De mon point de vue, il existe un public très intéressant qui fréquente les lieux de médiation et de culture scientifique. J’en veux pour preuve l’exposition Antarctica, que nous avons organisée au musée des Confluences et qui a attiré plus de 150 000 visiteurs. Et au-delà du nombre d’entrées, le public était très varié, de l’élite lyonnaise à des familles de banlieues qu’on voit rarement au cinéma. Tous venaient passer un bon moment ensemble. Le côté social de l’expérience est important pour moi : on ne travaille pas avec des casques de réalité virtuelle qui nous isolent. C’est quelque chose de très intéressant car c’est un public que j’ai envie de sensibiliser. Et que je ne peux le toucher que comme ça. 

Je prévois aussi de réaliser un film sur les Galápagos et l’évolution. Ça sera une fiction. Aujourd’hui, il y a une proportion impensable de platistes, la science recule. Une mise à jour est nécessaire auprès du grand public. Il faut remettre la théorie de l’évolution en lumière, car elle a été prouvée. Chacun doit comprendre comment la vie se crée, les mécanismes de l’évolution, et aussi qu’on ne peut pas indéfiniment violer l’espace dans lequel on vit sans qu’il y ait des conséquences. L’évolution est une proposition permanente, foisonnante, qui, à travers des mouvements infimes, va être capable de donner des choses aussi différentes qu’un requin-marteau, un requin-tigre, un poisson rouge. Tout cela mérite d’être raconté. Il faut aussi faire reculer une forme d’obscurantisme que je trouve extrêmement inquiétante. 

Un autre film va raconter les tribulations d’un fils partant sur les traces de son père qui s’est échappé du Goulag et qui va traverser tout l'Extrême-Orient russe pendant l’automne. Ça va être un road-movie en pleine nature consacré à une saison. Pour moi, conserver les paysages et ce rapport poétique à la nature est essentiel. Les paysages ont une valeur, qui est émotionnelle, évolutive et patrimoniale. 

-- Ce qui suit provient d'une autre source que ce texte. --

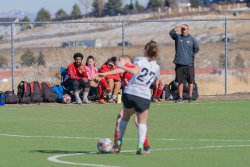 Copa-08G-Tournament-Game-1-15-of-60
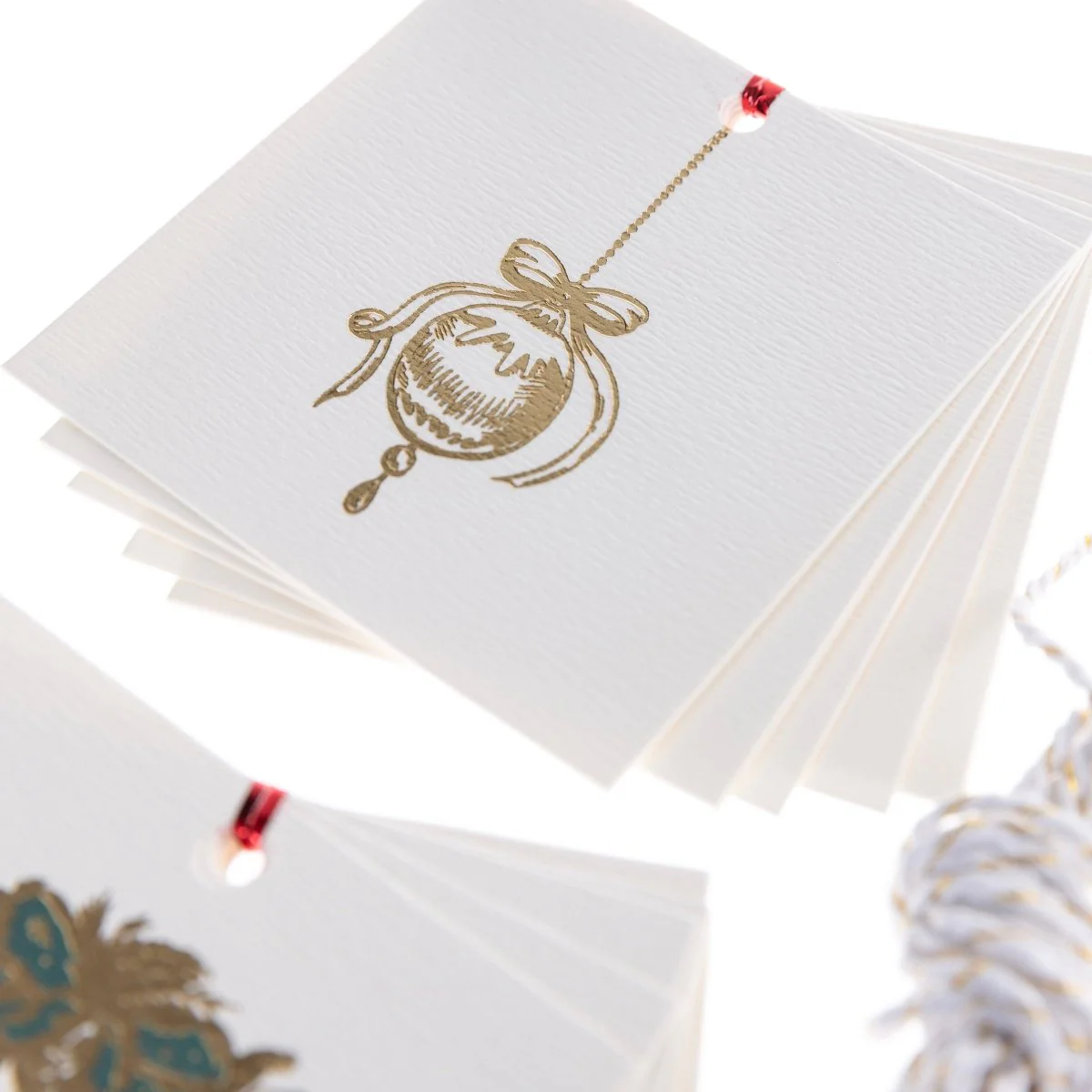 Icons Holiday Gifting Set - Image 3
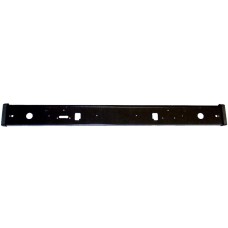 REAR PANEL - CARRIES REAR LAMPS - PICKUP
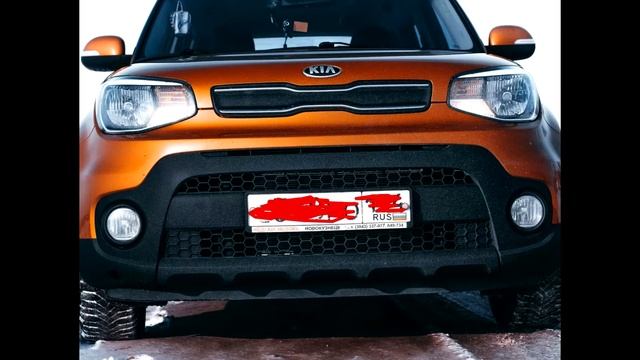 KIA SOUL 2017 ОТЗЫВ ВЛАДЕЛЬЦА/киа соул цена, автомобиль киа соул отзывы, киа соул комплектации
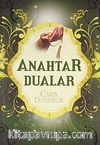 Anahtar Dualar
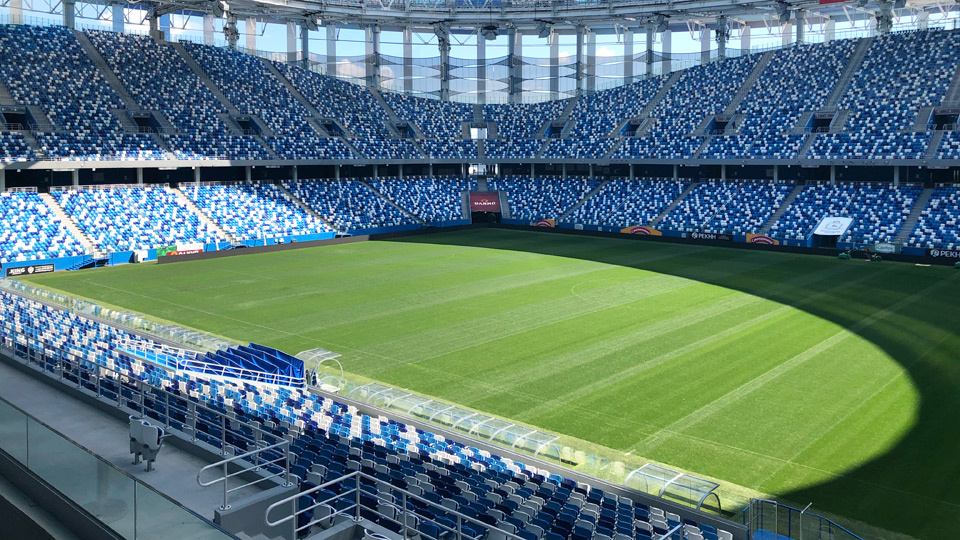20190530.jpg
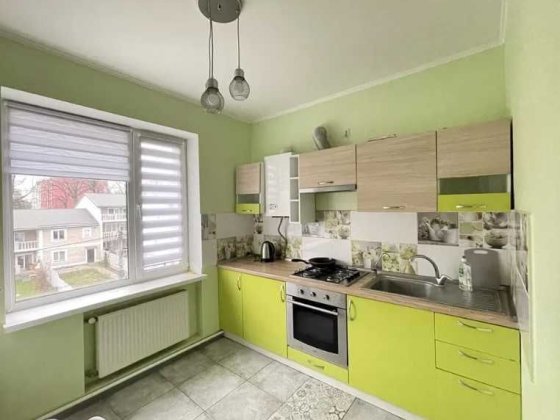 2к поруч з парком Незнайко, центр. Діти, домашні улюбленці - так! Ірпінь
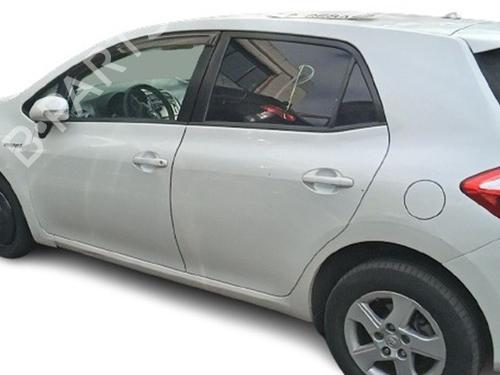 AC compressor TOYOTA AURIS (_E18_) 1.8 Hybrid (ZWE186_, ZWE186R) | BP36091902M34 - Image 8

  • Avez-vous toujours réfléchi à l’impact que vous aviez ou est-ce une réflexion plus récente ?

Objectivement, c’est le succès qui m’a fait comprendre ça. C’est quelque chose qui n’est pas simple à gérer. J’ai d’abord été écologue car j’étais passionné par la nature, puis j’ai fait des films car j’ai compris qu’on pouvait mélanger la science et l’émotion. Ensuite, j’ai été confronté à une chose inexplicable pour une personne : le succès. J’ai considéré que j’avais une chance infinie. Je me suis donc demandé comment capitaliser sur cette chance pour en faire quelque chose, car mon expertise scientifique me permettait de comprendre qu’on n’allait pas pouvoir continuer bien longtemps comme ça. Il m’a fallu du temps pour admettre qu’il y avait une proportion de gens intéressée par ce que je faisais. Maintenant, j’assume.